[2010.04.09] Rosyjska pamięć
Dodane przez Administrator dnia 09/04/2010 11:30:11
Czy Rosja zmienia swój stosunek do zbrodni katyńskiej? Czy władze Rzeczpospolitej słusznie postępują, rezygnując z żądania, aby śmierć ponad 20 tysięcy polskich jeńców uznać za zbrodnię ludobójstwa?
Na te pytania nie ma na razie jasnej odpowiedzi. W oficjalnym dokumencie rosyjskiego rządu, adresowanym do Brukseli, znalazło się stwierdzenie, że nie tylko nie wiadomo, kto zabijał w Katyniu i innych miejscach kaźni, ale nawet czy polscy oficerowie w ogóle zostali rozstrzelani. Może na przykład umarli na tyfus? Komedia, jaką odgrywają władze na Kremlu od czasu, gdy najwyższą władzę w Rosji objęli ludzie z KGB, wydaje się być czytelna nawet dla tych polityków w Niemczech czy we Francji, którzy za wszelką cenę (a może za rosyjskie pieniądze?) chcą doprowadzić do sojuszu z Rosją. Ale dla rosyjskich telewidzów, którzy oglądają występy utytułowanych historyków, przekonujących, że zbrodni dokonali Niemcy, sprawa nie jest zbyt oczywista. Lud w Rosji (i nie tylko) zwykle wierzy w to, co pokazują w telewizji.
Owszem, ostatnio na kulturalnym kanale telewizji moskiewskiej, który ogląda nikły procent telewizyjnej publiczności, wyświetlono film Wajdy o Katyniu.
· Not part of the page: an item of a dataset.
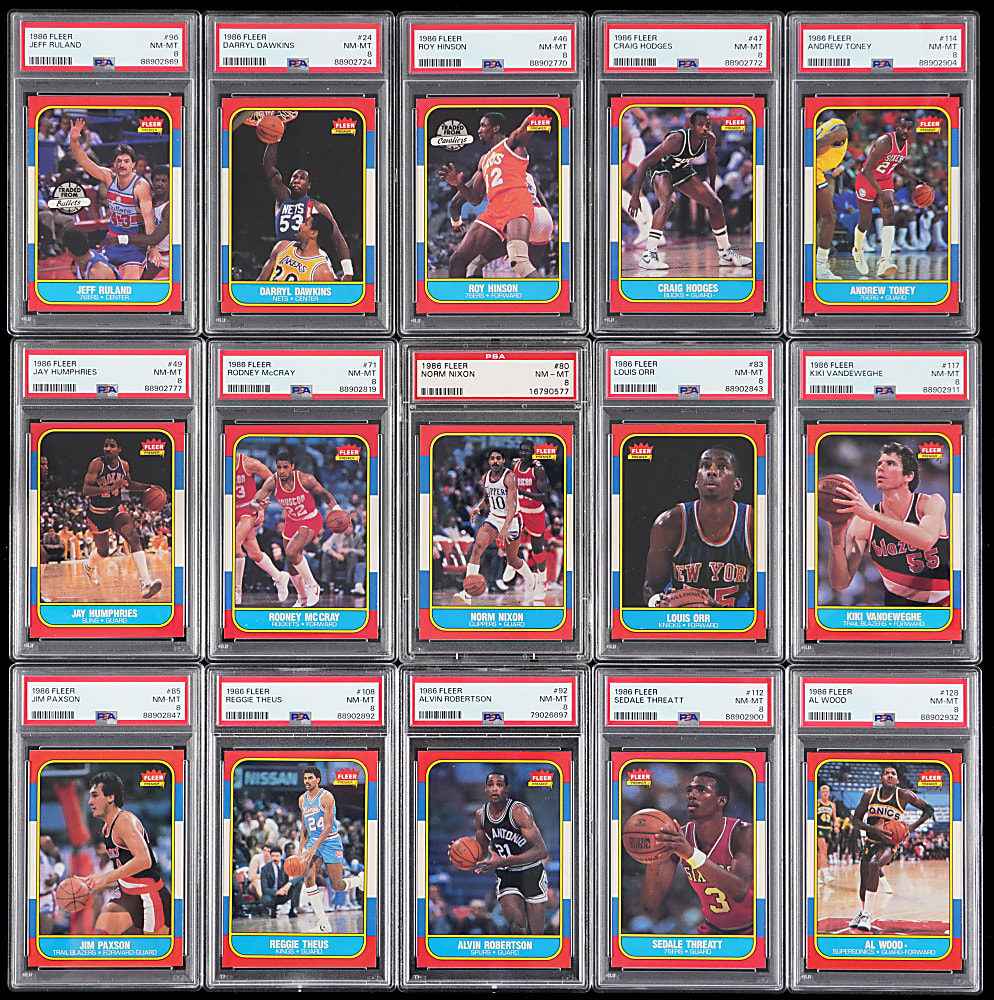 1986-1987 Fleer Basketball PSA Graded Near Complete Set (131/132) - All PSA NM 7 or Better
Reżyser od początku tak tworzył swoje dzieło, aby mogli je zaakceptować Rosjanie. Stąd są w filmie sceny z „dobrym” oficerem NKWD, stąd porównywanie zbrodni katyńskiej z niemiecką akcją uwięzienia ponad stu profesorów Uniwersytetu Jagiellońskiego. Nikt nie neguje niemieckich win, ale akurat zatrzymanie grupy profesorów, z których większość Niemcy po pewnym czasie puścili do domu, nie może być zestawiane z masową zbrodnią ludobójstwa. W każdym razie pokaz filmu, nawet na słabo oglądanym kanale, trzeba ocenić pozytywnie. Jeszcze większe znaczenie może mieć wizyta Putina w Katyniu.
Ale Rosja nie zamierza zrezygnować z tego fragmentu swojej historii, gdy jako część Związku Sowieckiego była drugim co do siły militarnej mocarstwem na świecie. Dziś biedna i zacofana, za wszelką cenę chce podtrzymać mit międzynarodowego znaczenia. Dopóki sprzedaje gaz i ropę, może przynajmniej stwarzać takie wrażenie, gdy jednak spadną ceny surowców, znów pogrąży się w chaosie wewnętrznych konfliktów, masowej przestępczości, bezprawiu i strachu. Wtedy jedyną pociechą jej obywateli pozostanie historia. Dlatego dziś Rosja tak kurczowo trzyma się sowieckiej tradycji, a szczególnie legendy o wielkim zwycięstwie Stalina nad Hitlerem. Nawet rocznicę zakończenia II wojny światowej obchodzi się w Rosji 9 maja, o dzień później niż na całym świecie, żeby przypomnieć kapitulację hitlerowskich marszałków w Berlinie, zajętym przez Rosjan, co było tylko teatralnym przedstawieniem, bo Niemcy już w nocy z 7 na 8 maja podpisały bezwarunkową kapitulację w Reims.
Dlatego trudno oczekiwać, by dzisiejsze władze Rosji przyznały, że w czasie zwycięskiej wielkiej wojny popełniono tak ohydną zbrodnię. A polski rząd powinien pamiętać, że okazywanie słabości w stosunkach z Rosją nikomu się nie opłaciło. Nie opłaci się też Polsce, która staje się dla Rosji przeszkodą w uzależnieniu Europy od rosyjskich dostaw. Moskiewskie gesty w sprawie Katynia mają uśpić czujność polskiej opinii publicznej, ale równocześnie nie mogą zepsuć wizerunku Rosji, jako mocarstwa, które niegdyś – rzekomo – wyzwoliło Europę.